China’s Latin America strategy is “alarming,” said Jianli Yang at the National Review. A new strategy paper from Beijing portrays China as a “champion of the Global South” in contrast to American “bullying,” but its intentions are not purely altruistic. China aims to “impose opportunity costs” on Washington by forcing the U.S. to “devote greater attention and resources to its own hemisphere” instead of Taiwan and the Indo-Pacific region. U.S. leaders must build a smart response or “risk strategic overextension.”
Washington’s “obsession” with China’s moves in Latin America is a “familiar hysteria,” Leon Hadar said at Asia Times. But Beijing’s activities may not “actually threaten core American interests” in the region. China’s trade with Latin America has “increased tenfold” over the last 20 years, but that reflects China’s “massive demand for agricultural goods and minerals.” That is basic economics, “not geopolitical conspiracy.”

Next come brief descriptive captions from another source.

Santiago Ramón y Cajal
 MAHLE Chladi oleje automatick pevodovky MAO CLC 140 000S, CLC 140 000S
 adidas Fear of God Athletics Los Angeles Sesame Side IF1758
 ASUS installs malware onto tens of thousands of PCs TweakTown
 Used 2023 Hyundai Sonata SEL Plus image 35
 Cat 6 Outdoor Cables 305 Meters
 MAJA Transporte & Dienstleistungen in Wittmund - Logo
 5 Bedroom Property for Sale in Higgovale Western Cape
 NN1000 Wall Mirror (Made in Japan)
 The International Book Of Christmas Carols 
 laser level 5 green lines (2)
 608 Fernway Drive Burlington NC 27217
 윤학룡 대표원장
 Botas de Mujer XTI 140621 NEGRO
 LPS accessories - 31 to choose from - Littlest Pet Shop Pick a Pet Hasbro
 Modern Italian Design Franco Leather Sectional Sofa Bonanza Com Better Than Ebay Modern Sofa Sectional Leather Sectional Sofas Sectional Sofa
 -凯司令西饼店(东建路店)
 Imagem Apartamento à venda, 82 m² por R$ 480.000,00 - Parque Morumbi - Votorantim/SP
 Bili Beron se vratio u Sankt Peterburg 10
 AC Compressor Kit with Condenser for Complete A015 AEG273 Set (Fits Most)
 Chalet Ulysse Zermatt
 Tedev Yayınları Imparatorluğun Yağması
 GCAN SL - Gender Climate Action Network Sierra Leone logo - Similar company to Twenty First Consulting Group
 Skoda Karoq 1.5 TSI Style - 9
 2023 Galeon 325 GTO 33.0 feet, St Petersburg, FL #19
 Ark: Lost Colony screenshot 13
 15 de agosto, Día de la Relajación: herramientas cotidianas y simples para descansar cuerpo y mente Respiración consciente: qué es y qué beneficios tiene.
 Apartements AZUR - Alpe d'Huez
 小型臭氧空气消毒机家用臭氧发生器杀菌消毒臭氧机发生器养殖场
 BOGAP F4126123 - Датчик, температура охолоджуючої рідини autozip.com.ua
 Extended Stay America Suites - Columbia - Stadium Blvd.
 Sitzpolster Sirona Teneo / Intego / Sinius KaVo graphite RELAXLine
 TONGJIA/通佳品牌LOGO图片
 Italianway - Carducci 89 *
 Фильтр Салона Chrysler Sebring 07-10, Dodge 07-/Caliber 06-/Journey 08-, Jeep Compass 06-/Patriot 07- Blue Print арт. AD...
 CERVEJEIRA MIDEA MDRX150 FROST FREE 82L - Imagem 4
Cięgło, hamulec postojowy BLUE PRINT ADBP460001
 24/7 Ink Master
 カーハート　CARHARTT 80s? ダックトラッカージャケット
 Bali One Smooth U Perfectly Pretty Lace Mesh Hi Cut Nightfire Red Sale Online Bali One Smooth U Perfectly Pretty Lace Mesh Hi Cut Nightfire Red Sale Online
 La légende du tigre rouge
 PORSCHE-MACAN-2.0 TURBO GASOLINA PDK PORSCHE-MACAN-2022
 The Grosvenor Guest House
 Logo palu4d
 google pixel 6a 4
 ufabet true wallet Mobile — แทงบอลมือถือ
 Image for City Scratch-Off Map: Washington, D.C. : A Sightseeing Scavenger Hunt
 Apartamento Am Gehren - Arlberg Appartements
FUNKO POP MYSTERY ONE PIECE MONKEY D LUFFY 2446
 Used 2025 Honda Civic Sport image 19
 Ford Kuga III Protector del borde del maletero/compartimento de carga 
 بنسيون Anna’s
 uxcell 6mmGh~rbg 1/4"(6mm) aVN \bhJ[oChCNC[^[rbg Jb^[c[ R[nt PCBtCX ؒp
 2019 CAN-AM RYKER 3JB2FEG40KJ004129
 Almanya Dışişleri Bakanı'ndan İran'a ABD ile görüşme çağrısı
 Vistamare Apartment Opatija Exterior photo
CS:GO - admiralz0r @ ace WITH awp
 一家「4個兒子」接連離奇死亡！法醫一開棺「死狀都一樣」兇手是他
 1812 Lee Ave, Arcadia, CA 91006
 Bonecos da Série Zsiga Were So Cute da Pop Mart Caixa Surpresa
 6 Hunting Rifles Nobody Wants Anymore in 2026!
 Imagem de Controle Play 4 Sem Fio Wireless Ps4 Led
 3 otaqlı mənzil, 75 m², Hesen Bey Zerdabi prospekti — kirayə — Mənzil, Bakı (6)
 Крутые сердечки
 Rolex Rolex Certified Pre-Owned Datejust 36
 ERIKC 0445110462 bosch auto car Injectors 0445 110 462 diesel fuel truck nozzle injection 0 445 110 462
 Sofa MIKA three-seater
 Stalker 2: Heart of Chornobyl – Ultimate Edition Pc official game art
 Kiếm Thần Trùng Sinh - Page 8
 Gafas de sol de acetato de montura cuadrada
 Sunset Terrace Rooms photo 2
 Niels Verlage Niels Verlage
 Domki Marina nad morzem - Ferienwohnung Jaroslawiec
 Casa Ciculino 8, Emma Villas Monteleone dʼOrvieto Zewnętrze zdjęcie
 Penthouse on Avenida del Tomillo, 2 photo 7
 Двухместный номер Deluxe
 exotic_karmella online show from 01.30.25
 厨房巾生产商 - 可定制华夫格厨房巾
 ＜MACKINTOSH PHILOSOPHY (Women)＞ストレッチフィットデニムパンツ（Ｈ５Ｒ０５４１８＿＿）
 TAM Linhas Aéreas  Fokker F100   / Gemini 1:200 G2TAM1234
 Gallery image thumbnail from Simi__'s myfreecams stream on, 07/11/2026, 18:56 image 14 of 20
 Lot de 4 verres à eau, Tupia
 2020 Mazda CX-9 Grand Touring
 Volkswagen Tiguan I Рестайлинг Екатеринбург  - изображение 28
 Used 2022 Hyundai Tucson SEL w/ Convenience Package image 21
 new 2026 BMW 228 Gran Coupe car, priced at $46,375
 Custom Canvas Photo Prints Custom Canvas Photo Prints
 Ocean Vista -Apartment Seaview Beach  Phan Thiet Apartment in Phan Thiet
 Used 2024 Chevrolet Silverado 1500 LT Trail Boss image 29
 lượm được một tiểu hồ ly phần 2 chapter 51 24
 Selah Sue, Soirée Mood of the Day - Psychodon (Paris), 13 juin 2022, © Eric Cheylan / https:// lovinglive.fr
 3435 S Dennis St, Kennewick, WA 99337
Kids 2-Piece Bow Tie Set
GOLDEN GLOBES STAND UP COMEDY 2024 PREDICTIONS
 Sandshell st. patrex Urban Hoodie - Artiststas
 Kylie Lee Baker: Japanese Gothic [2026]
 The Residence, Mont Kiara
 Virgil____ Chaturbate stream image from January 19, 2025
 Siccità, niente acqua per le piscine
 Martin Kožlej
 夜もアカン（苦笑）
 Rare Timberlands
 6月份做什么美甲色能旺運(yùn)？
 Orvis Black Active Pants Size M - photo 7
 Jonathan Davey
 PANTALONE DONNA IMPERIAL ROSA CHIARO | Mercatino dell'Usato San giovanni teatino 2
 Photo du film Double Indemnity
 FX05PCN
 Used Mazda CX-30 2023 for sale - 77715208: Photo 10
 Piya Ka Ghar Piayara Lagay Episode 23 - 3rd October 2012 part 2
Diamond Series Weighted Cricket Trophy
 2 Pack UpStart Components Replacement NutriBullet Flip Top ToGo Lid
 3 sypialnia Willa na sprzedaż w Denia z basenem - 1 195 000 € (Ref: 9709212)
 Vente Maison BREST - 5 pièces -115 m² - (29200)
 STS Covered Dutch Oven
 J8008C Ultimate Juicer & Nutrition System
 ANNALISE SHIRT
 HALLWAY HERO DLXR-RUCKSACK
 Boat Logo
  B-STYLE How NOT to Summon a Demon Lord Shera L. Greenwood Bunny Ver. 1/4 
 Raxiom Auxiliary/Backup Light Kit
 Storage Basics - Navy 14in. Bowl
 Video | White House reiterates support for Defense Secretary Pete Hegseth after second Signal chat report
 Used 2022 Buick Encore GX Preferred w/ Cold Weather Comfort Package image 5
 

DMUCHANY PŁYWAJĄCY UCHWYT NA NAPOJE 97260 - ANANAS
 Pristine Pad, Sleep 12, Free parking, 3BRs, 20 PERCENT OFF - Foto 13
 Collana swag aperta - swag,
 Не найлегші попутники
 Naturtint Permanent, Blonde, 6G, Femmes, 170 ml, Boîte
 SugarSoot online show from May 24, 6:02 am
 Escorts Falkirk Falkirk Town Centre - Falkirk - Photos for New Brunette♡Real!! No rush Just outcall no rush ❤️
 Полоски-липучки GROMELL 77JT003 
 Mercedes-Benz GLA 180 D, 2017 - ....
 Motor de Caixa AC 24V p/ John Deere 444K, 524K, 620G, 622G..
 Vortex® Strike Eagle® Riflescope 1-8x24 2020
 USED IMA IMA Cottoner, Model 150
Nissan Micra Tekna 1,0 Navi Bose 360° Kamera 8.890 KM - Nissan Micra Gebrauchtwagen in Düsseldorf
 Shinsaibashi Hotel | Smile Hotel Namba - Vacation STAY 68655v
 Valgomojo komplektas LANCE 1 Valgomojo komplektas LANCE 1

President Donald Trump’s return to the White House has actually “reduced and reversed” China’s influence among Latin American countries, said Arturo McFields at The Hill. Beijing has lost sway over the Panama Canal, seen Peru draw closer to Taiwan, and had a diplomat expelled from Paraguay. In the political contest between global powers, then, the U.S. “seems to be one step ahead.”
What next?
Beijing’s Latin America strategy will be “significantly tested” by the Trump administration’s actions in Venezuela, said The South China Morning Post. The White House is “moving aggressively to roll back Chinese influence” in the Western Hemisphere. Some Latin American countries “may adopt a more cautious approach in managing their relations with Beijing when facing pressure from Washington,” said Zhao Minghao, the deputy director at Shanghai’s Center for American Studies, to the outlet.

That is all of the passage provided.